Trainen op hartslag
Er zijn weinig loopgroepen die zo wetenschappelijk trainen als de loopgroepen van Running Movements. We geloven erin dat elke loper, niet alleen professionele atleten, baat heeft bij een ”persoonlijk schema”. Veel, vooral beginnende, hardlopers gaan de mist in door te hard te trainen. Hierdoor lopen ze sneller blessures op en wordt het plezier in het lopen snel vergalt. Trainen op de Running Movements manier zorgt ervoor dat te hard trainen iets van het verleden wordt. Door op hartslag te trainen verminder je blessures en boek je sneller vooruitgang.

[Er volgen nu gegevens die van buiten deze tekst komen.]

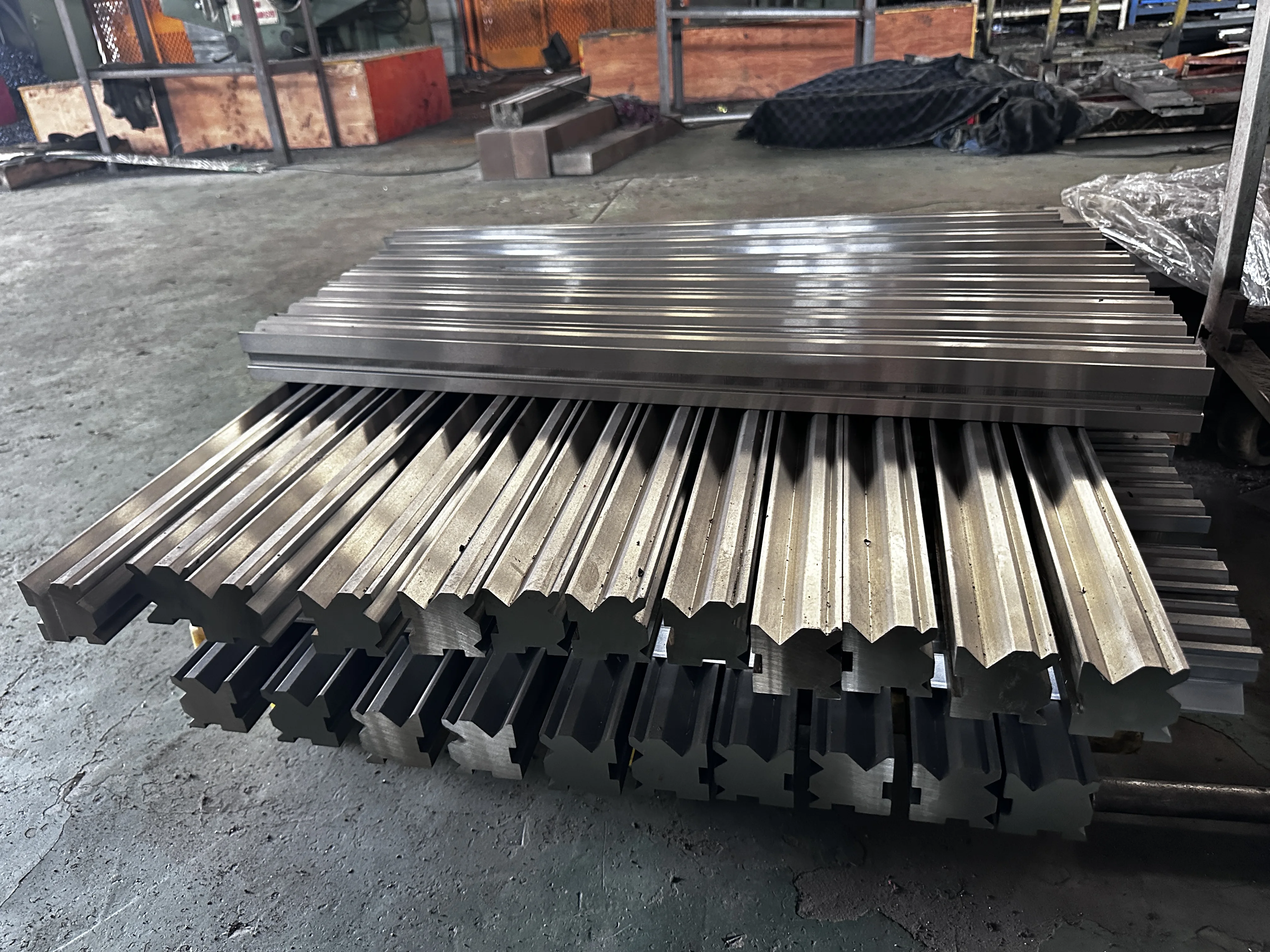 قوالب فرامل الضغط باستخدام الحاسب الآلي القابلة للتخصيص لأدوات فرامل الضغط المتوافقة مع Amada لثني الصفائح المعدنية الفعالة #6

Hoe maak je effectief gebruik van hartslagtraining
Tijdens het hardlopen stijgt je hartslag, dat is voor de meeste mensen bekend. Wat minder mensen weten, is dat je een goed hardlooptempo kan bepalen aan de hand van je hartslag. Dit doe je door gebruik te maken van hartslagzones, gebieden van meestal 10 hartslagen waarin de ervaren inspanning ongeveer gelijk blijft. De namen van de vijf hartslagzones zijn makkelijk te onthouden; zone een is de laagste en zone vijf de hoogste.

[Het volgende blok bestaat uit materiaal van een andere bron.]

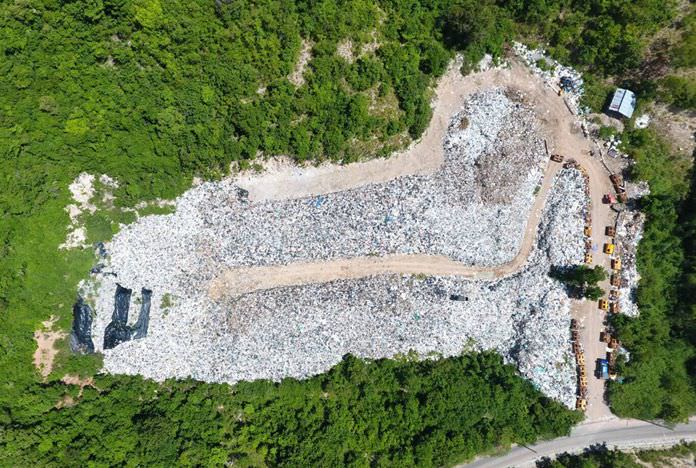A drop in the number of visitors has led to a drop in Koh Larn’s garbage surplus, but 10,000 tons of refuse remain.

In het blog ‘Trainen bij Running Movements’ schreven we al kort over de zoladz-test. Het nut van deze test komt verder naar voren in dit blog. Door onder leiding van een professional een zoladz-test uit te voeren kan deze professional je hartslagzones bepalen. Deze test, ontworpen door de Poolse inspanningsfysioloog Jerzy Żołądź, wordt over het algemeen uitgevoerd in een hardloop lab zoals het RunLab van Running Movements of op de atletiekbaan. De atleet loopt vijf blokken van zes minuten met een oplopende hartslag, te beginnen bij zone een. Tussen elk blok meet de professional het lactaatgehalte in het bloed van de atleet, waarna het volgende blok start. Aan het eind van de test kunnen de hartslagzones worden berekend.
Hartslagzones als een piramide
Zie de vijf hartslagzones als een piramide met vijf blokken. Zone een is het onderste gedeelte van de piramide en zone vijf het bovenste. De grootte van een blok geeft onder andere aan hoe lang je in een hartslagzone kan lopen voordat vermoeidheid optreedt. Om sneller te worden en een betere conditie te kweken is het belangrijk om de piramide zo groot mogelijk te laten groeien. Veel beginnende hardlopers zijn ervan overtuigd dat het nodig is om elke training voluit te gaan om te verbeteren, maar niks is minder waar.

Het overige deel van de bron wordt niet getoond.